Chemical weathering is caused by rain water reacting with the mineral grains in rocks to form new minerals (clays) and soluble salts. These reactions occur particularly when the water is slightly acidic. These chemical processes need water, and occur more rapidly at higher temperature, so warm, damp climates are best. Chemical weathering (especially hydrolysis and oxidation) is the first stage in the production of soils. There are different types of chemical weathering, the most important are:
Solution - removal of rock in solution by acidic rainwater. In particular, limestone is weathered by rainwater containing dissolved CO2, (this process is sometimes called carbonation).
Hydrolysis - the breakdown of rock by acidic water to produce clay and soluble salts.
Oxidation - the breakdown of rock by oxygen and water, often giving iron-rich rocks a rusty-coloured weathered surface.
Biological weathering is the impact of living organisms on the stone. Trees put down roots through joints or cracks in the rock in order to find moisture. As the tree grows, the roots gradually prize the rock apart. Many animals, such as these Piddock shells, bore into rocks for protection either by scraping away the grains or secreting acid to dissolve the rock. Even the tiniest bacteria, algae and lichens produce chemicals that help break down the rock on which they live, so they can get the nutrients they need.
Questions to Answer (Logging Requirements)

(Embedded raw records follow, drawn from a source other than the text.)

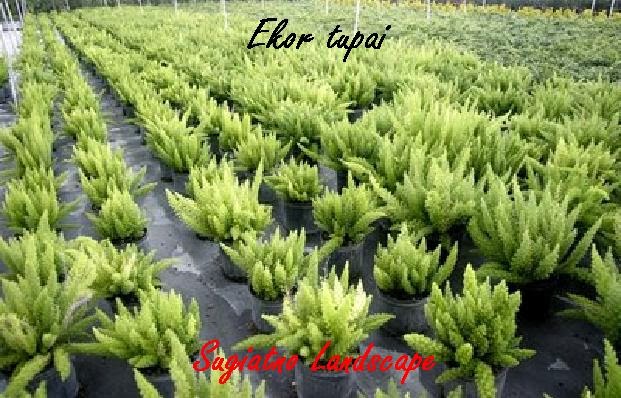 EKOR-TUPAI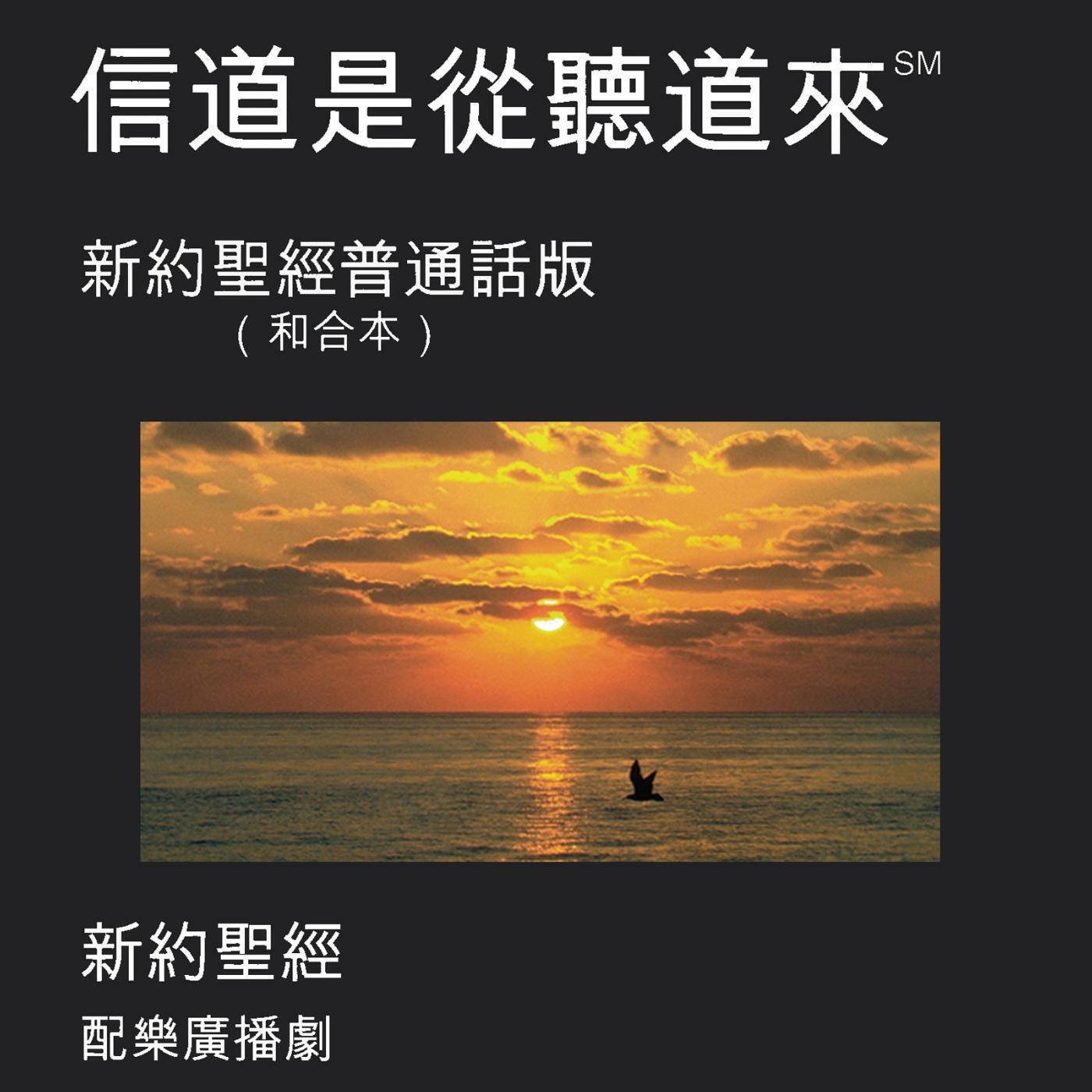 Релиз Chinese Mandarin Bible (Dramatized) - Chinese Union Version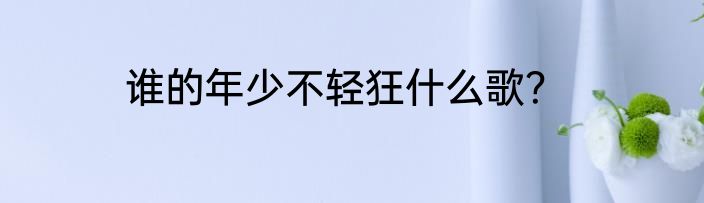 谁的年少不轻狂什么歌？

Please visit the listed coordinates at the war memorial. The questions all relate directly to the information provided in the listing so you should be able to answer everything from GZ with no extra reading required - anything mentioned in the questions is explained in the listing. Please ensure you send in the answers at the time or soon after you log your find, as logs may be deleted if no attempt at the answers are made.
Question 1 - The main memorial and carved lions are limestone. Explain why limestone might have been chosen, bearing in mind gritstone and sandstone would be available locally?
Question 2 - The plaques containing the rolls of honour are made of granite, which is a harder stone to carve than limestone. Explain why this alternative stone might have been chosen, given words have been carved into the limestone elsewhere?
Question 3 - Examine the texture of the limestone. The right hand side (west) is particularly interesting. Describe the texture and whether you can find any evidence of shell fragments or fossils in the stone. Is the limestone used for the carvings the same? Tell me, is this limestone clastic or non-clastic?
Question 4 - Focusing on colour, can you spot any obvious impurities in the limestone or would you describe it as a pure limestone?
Question 5 - Where is there evidence of industrial pollution? Why is it only in some areas?
Question 6 - Finally how well do you think the memorial is weathering - please rate the general condition of the below areas, between 1 and 10 - 1 being very poor and 10 being very good
- the condition of the flat cut limestone monument
- the condition of the carved limestone such as the lions
- the condition of the granite plaques
Finally - Please include a photo or yourself, GPSr or personal item with the memorial in the background taken from the steps near the rockery. Under revised guidelines, this is now a requirement, as it proves you visited the site. Please do not include photographs close to the memorial that would give away the answers.
Thank you for visiting the Marsden War Memorial EarthCache
The series is dedicated to those who fought for their country. "We will remember them!”
If anyone would like to place a War Memorial Cache of your own then please do so. We would ask if you do so please contact Just-us-Two through their profile page or firstname.lastname@example.org
so they can keep track of the numbers
Please note, physical caches are not allowed to be placed on the actual memorial or within the boundary of such memorials. Please treat war memorials with the appropriate respect when finding or hiding geocaches.